Join the Club: The Lowther Acousta 115 Loudspeaker
There are many aficionados of single-ended triode amplification for whom the search for sonic happiness has ended with the Lowther driver. Its ranks of devotees have swelled over the years ... and justifiably so. My first exposure many years ago to a Lowther PM6C was quite memorable, and I'd periodically get the urge to taste the forbidden fruit. Finally, in 1995 I decided to take the plunge and ordered a pair of PM7A drivers from Tony Glynn, Lowther Club of America (http://www.lowther-america.com/ or via snail mail: P.O. Box 4758, Salem, Oregon 97302; Tel.: 503-370- 9115). Additionally, I bought a pair of finished cabinets through the Club. These enclosures are essentially copies of Lowther's rear horn-loaded Acousta 115 cabinet with only slight modifications (all for the better).
This was no ordinary transaction. Purchasing a Lowther can be a frustrating experience. It took some six months for the drivers to arrive, and it was only through Tony's personal intervention that the drivers arrived as early as they did. Also, instead of the 16-ohm version I asked for, 8-ohm drivers were delivered. I mention my personal experience to emphasize what my source in the UK reinforces, that Lowther is presently a marginal company with sporadic production and limited resources.
My time with the Lowther has been fairly limited so far. These are speakers that take a notoriously long time to break in. So with that caveat in mind, let me offer a synopsis of my first sonic impressions. Certainly, in the context of the Acousta cabinet, there is no deep bass and only limited mid bass. Treble extension is limited to about 12 kHz. The treble is pretty directional; you have to sit in a tight sweet spot to enjoy what there is. The midrange is, however, where the Lowther shines. It shares with the old QUAD ESL the same sort of magically cohesive presentation. The tonal balance is, however, considerably different. Whereas the QUAD is laid back, the Lowther is most definitely not. Part of its charm comes form a moderate peak in the upper mid/presence region that projects female voice into your lap. This is similar in tonal balance to the behavior of the Altec 755A driver, which I experimented with a couple of years ago.
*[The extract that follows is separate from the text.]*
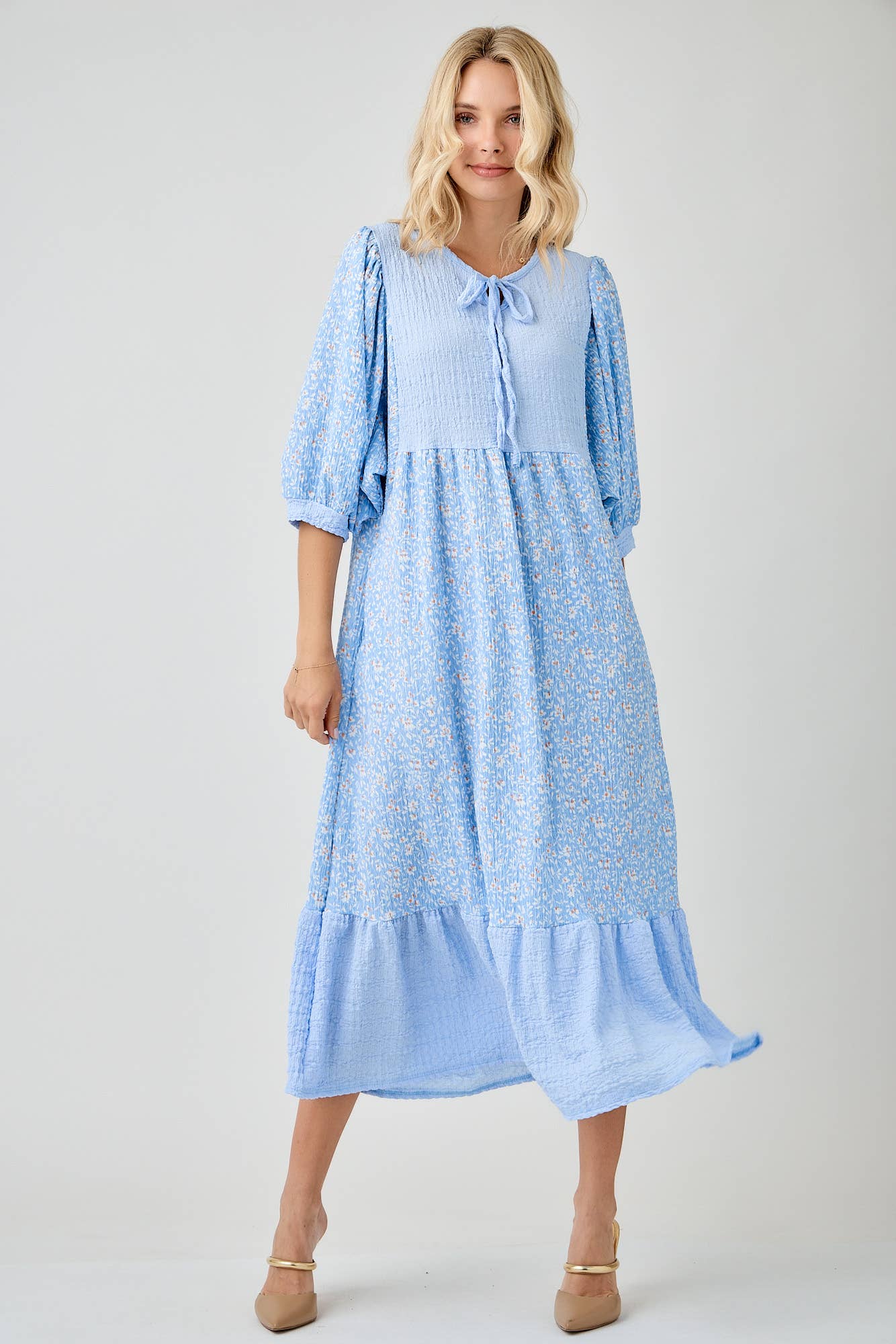 BLUE WOMEN'S FLORAL PRINT DRESSES WITH DOLMAN SLEEVES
The Altec is no doubt a great PA speaker: it projects voice so vividly that more accurate transducers seem tame in comparison. No wonder it has such a devout cult following. Overall, the Lowther is a much better driver, with transient speed and control that runs circles around the Altec. Driven by a pair of Cary 805s, spatial outlines took on flesh and blood palpability. Transparency is quite remarkable, as is detail resolution. This is a high-resolution transducer that shines a bright light onto the soundstage. Dynamic nuances are voiced with a conviction matched only by a handful of other speakers on this planet. The Lowther sure pushed my emotional buttons. Together with the classic QUAD ESL, these loudspeakers underscore just how little progress music lovers have had to contend with in the past 50 years.